Work has been pretty slow and I keep getting sent home early which puts a good size dent in the old pay check. So most of my money has been going to crazy luxury items like food, electricity, and fuel to get the kids to school. Last weekend I received a $75 Sears gift card as a late birthday gift (the day after the router combo $79 sale ended). Well today was payday so after work I headed to Sears, willing to pay the regular price since I was $75 ahead. While on my hands and knees trying to find one on the bottem shelf I spotted a box that was sealed with duct tape. I took it to the counter and asked if I could open it to make sure it was all there. The salesperson said he taped it up a week ago after showing it to someone else. Inside was that red headed step child of Bosch that I'd heard about. Looks like the 1617evs, and has many of the same features as my 1613. The salesman says "yea but the other one has lights". I said "but this is a Bosch" and when he checked the price it was on clearance for $119. So it came home with me. It's a 130.26620 2.25 HP variable speed and all the bases I've made for my 1613 fit it. And both bases have plenty of room for the large guides. The fixed base is capable of and includes a wrench for above table height adjustment. So it may end up in a table.
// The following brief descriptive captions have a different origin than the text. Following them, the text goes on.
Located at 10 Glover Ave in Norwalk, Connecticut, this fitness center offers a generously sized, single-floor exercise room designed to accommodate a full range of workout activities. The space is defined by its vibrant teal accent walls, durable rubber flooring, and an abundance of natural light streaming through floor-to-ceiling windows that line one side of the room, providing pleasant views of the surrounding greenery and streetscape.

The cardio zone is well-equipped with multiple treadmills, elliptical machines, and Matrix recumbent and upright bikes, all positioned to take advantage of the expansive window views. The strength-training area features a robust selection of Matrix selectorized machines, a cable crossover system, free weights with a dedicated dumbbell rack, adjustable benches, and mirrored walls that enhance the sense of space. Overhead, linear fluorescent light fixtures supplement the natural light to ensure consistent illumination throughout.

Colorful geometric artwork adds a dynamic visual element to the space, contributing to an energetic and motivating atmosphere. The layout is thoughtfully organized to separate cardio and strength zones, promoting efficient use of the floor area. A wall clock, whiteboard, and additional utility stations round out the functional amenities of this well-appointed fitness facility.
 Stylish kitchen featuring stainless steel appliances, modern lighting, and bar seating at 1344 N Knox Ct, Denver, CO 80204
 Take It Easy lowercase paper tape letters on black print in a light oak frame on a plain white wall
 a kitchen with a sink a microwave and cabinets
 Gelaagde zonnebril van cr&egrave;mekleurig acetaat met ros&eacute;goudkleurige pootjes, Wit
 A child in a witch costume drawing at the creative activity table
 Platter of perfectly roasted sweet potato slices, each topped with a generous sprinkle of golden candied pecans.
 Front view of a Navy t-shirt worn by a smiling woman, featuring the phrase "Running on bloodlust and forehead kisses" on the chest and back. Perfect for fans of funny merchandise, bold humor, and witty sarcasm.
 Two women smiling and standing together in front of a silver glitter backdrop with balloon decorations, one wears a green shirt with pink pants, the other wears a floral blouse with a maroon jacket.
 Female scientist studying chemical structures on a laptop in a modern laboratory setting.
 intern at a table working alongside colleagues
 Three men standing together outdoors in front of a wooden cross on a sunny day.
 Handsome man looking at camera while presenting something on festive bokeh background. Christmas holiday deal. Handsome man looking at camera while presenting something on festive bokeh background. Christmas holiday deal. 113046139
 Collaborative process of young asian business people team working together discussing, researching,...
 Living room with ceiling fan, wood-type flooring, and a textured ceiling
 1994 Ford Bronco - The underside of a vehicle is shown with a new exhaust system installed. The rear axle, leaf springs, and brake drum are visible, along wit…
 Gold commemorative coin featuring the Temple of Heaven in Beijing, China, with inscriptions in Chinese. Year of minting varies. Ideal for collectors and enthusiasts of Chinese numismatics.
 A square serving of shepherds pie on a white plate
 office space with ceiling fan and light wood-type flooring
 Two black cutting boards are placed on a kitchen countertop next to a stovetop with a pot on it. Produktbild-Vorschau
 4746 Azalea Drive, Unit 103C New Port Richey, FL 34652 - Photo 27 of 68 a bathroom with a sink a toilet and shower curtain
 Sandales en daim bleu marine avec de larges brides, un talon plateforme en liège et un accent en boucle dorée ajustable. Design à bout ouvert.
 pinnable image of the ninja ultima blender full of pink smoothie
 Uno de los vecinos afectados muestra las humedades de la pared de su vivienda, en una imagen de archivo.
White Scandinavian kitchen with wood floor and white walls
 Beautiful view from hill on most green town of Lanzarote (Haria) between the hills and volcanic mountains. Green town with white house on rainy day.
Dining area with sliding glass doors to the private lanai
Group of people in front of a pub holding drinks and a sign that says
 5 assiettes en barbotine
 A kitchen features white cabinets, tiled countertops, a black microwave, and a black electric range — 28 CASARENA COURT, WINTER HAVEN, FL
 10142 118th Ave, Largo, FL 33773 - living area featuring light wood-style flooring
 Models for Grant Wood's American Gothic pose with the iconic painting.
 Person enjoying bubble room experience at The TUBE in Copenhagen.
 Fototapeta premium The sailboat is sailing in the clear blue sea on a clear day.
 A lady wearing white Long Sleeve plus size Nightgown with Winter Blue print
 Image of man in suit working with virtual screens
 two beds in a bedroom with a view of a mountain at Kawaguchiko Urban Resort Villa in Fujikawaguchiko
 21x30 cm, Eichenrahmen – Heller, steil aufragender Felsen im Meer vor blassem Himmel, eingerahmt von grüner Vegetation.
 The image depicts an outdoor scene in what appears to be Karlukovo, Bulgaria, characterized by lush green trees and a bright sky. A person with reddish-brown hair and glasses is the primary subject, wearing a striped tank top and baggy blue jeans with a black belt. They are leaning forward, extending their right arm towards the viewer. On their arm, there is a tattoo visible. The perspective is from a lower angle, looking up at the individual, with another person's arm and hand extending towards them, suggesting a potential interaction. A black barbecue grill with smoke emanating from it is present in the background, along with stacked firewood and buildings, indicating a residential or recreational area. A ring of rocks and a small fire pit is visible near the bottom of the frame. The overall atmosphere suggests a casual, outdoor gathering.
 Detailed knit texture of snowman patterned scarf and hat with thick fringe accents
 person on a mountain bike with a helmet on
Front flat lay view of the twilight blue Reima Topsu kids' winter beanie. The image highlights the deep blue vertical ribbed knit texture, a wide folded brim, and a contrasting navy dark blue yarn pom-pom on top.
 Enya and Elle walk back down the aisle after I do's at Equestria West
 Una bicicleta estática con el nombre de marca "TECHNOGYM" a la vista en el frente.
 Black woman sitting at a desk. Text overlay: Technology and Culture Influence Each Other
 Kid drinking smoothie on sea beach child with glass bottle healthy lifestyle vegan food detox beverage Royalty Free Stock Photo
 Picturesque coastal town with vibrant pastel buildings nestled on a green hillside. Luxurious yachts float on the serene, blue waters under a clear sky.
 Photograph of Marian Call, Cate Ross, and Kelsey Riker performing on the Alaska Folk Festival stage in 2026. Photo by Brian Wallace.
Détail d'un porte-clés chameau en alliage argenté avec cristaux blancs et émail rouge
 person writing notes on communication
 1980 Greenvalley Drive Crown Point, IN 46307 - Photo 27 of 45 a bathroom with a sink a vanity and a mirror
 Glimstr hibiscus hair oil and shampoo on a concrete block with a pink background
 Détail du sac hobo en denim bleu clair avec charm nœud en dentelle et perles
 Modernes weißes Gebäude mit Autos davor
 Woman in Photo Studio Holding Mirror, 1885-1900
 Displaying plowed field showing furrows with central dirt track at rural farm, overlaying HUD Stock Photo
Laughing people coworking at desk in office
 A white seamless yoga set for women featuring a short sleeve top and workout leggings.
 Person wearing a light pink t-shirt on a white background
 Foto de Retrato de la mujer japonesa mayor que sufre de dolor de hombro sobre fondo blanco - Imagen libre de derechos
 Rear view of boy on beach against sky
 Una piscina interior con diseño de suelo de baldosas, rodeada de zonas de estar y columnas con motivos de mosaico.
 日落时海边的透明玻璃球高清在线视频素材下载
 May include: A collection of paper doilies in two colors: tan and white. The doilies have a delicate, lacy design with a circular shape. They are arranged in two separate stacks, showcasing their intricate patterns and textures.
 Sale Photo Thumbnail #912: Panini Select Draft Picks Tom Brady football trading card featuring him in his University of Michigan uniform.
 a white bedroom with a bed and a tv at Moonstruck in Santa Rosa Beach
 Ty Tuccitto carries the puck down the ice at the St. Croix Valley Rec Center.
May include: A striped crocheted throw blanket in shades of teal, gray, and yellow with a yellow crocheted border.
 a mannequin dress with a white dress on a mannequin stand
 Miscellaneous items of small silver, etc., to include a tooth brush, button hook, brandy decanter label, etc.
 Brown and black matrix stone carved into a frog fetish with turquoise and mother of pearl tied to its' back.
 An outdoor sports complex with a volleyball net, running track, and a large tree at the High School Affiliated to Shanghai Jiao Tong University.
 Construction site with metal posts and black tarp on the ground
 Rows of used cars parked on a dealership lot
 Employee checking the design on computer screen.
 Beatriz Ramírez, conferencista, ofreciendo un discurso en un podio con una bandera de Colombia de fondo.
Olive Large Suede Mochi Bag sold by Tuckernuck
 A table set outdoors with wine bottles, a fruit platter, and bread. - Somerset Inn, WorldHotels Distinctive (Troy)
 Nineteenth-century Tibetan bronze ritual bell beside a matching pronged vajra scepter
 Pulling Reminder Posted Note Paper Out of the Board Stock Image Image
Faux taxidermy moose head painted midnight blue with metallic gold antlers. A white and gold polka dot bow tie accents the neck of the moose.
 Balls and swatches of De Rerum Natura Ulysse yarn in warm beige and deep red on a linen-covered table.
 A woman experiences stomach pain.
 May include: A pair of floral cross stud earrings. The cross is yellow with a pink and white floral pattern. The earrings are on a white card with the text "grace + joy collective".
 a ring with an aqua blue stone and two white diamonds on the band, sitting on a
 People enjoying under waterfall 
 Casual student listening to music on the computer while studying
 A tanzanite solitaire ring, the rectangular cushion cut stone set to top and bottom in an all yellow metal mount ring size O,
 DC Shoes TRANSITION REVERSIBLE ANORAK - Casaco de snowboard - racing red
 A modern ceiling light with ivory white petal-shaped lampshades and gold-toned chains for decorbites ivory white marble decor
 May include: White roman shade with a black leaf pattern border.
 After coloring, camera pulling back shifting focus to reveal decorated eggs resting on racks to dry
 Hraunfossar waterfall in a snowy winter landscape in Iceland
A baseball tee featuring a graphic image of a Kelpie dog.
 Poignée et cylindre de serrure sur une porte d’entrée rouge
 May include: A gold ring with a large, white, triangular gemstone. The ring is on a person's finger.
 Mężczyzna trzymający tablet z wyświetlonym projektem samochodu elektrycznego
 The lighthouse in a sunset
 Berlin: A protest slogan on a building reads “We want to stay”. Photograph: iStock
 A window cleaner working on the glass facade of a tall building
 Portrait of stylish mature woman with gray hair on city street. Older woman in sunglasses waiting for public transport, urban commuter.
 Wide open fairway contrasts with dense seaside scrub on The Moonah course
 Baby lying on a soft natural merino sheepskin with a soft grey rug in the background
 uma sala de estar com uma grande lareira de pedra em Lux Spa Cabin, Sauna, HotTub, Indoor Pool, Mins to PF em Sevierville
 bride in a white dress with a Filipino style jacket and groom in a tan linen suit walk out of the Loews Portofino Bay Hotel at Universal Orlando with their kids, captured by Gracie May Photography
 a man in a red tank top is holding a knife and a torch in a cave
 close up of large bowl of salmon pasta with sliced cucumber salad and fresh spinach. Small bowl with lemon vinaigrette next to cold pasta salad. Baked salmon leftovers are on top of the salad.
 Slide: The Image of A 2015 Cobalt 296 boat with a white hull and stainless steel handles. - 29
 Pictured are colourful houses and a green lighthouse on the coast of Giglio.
So I'm back on track to get started on some skis. And will do so as soon as I am able.


----------



## del schisler (Feb 2, 2006)

*Bosch*



RustyW said:


> Well I gained some foreward momentum today. And, by the way, I've got to where I can can make a sub base for any router/guide combination in about 20 minutes. I have PC style guides in both steel and brass, and a larger set of 1 1/2' brass guides.
> 
> Work has been pretty slow and I keep getting sent home early which puts a good size dent in the old pay check. So most of my money has been going to crazy luxury items like food, electricity, and fuel to get the kids to school. Last weekend I received a $75 Sears gift card as a late birthday gift (the day after the router combo $79 sale ended). Well today was payday so after work I headed to Sears, willing to pay the regular price since I was $75 ahead. While on my hands and knees trying to find one on the bottem shelf I spotted a box that was sealed with duct tape. I took it to the counter and asked if I could open it to make sure it was all there. The salesperson said he taped it up a week ago after showing it to someone else. Inside was that red headed step child of Bosch that I'd heard about. Looks like the 1617evs, and has many of the same features as my 1613. The salesman says "yea but the other one has lights". I said "but this is a Bosch" and when he checked the price it was on clearance for $119. So it came home with me. It's a 130.26620 2.25 HP variable speed and all the bases I've made for my 1613 fit it. And both bases have plenty of room for the large guides. The fixed base is capable of and includes a wrench for above table height adjustment. So it may end up in a table.
> 
> So I'm back on track to get started on some skis. And will do so as soon as I am able.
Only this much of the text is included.